Without limiting the generality of the foregoing, if
such underwriting agreement contains restrictions upon the sale
of securities of the Company, other than the securities which are
to be included in the proposed distribution, then such
restrictions shall be binding upon the sellers of
Registrable Stock, but not for a period exceeding 180 days from
the effective date of the registration statement and, if
requested by the Company, such sellers shall enter into a written
agreement to that effect.

         SECTION 4.  EXPENSES.

         (a) All expenses incurred by the Company in complying
with Sections 1 through 3, including, without limitation, all
registration and filing fees, printing expenses, fees and
disbursements of counsel and independent public accountants for
the Company, fees and expenses (including reasonable counsel
fees) incurred in connection with complying with state securities
or "blue sky"  laws, fees of the National Association of
Securities Dealers, Inc., fees of a national  securities
exchange, transfer taxes, fees of transfer agents and
registrars, costs of insurance of Registrable Stock and all other
secondary shares, but excluding any Selling Expenses, are called
"Registration Expenses." "Selling Expenses" as used 
herein means all underwriting discounts and selling commissions
applicable to the sale of Registrable Stock.

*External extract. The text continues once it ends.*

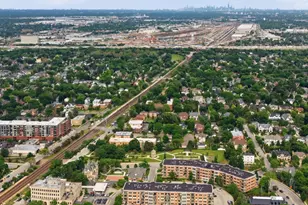 135 S York St, Elmhurst, IL 60126 - Photo 24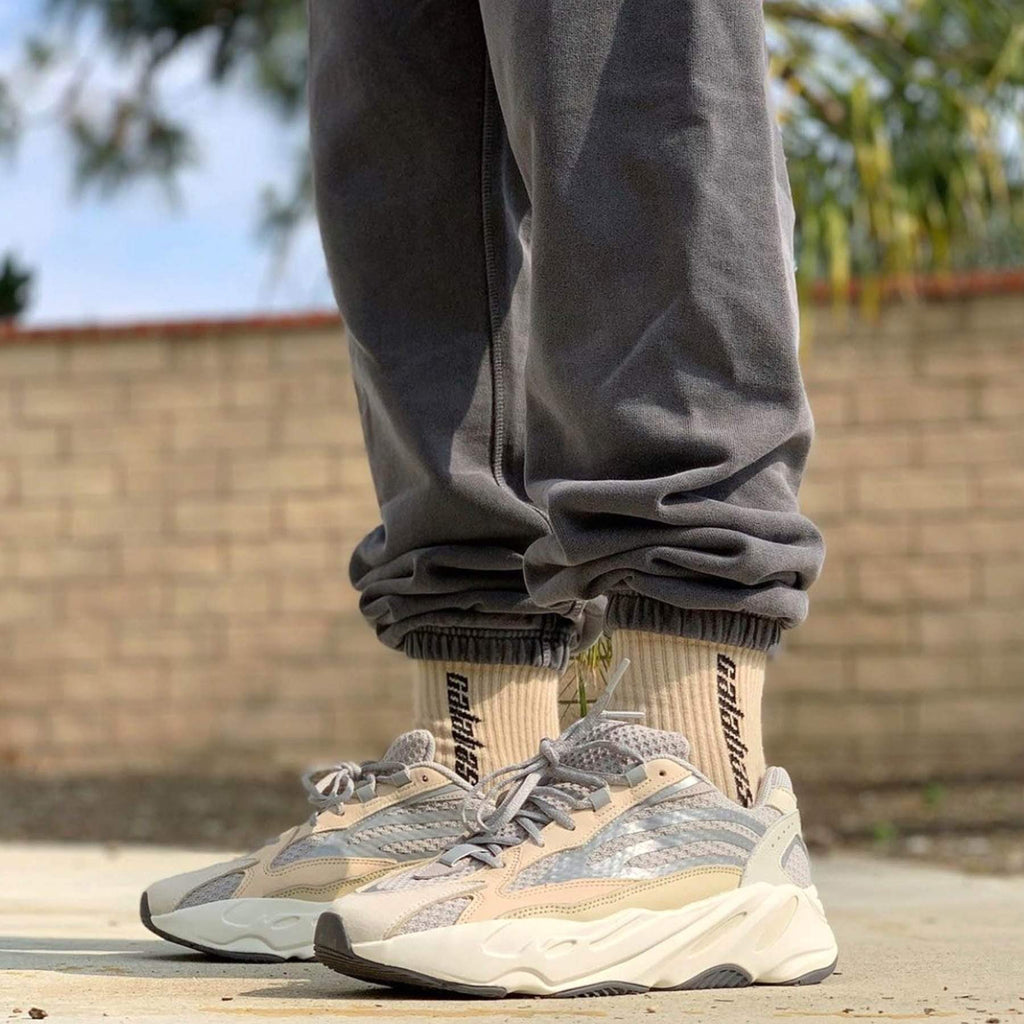 adidas Yeezy Boost 700 Cream Off White Sneakers Low Top Trainers Men Size  13US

         (b) Except as set forth in the next sentence, all
Registration Expenses and Selling Expenses in connection with
each registration statement prepared or filed under Section 1
shall be borne by Purchaser. All Registration Expenses and
Selling Expenses incurred in connection with each registration
statement prepared or filed under Sections 1 (only in the event
the Company elects to include other Common Stock pursuant to
Section 1(c)) and 2 shall be borne by the Purchaser and the
Company (and any other participating sellers) as they are
incurred (including their proportionate share of the reasonable
fees and expenses of counsel to the Company) in proportion to the
number of shares to be sold by each.

         SECTION 5.  INDEMNIFICATION AND CONTRIBUTION.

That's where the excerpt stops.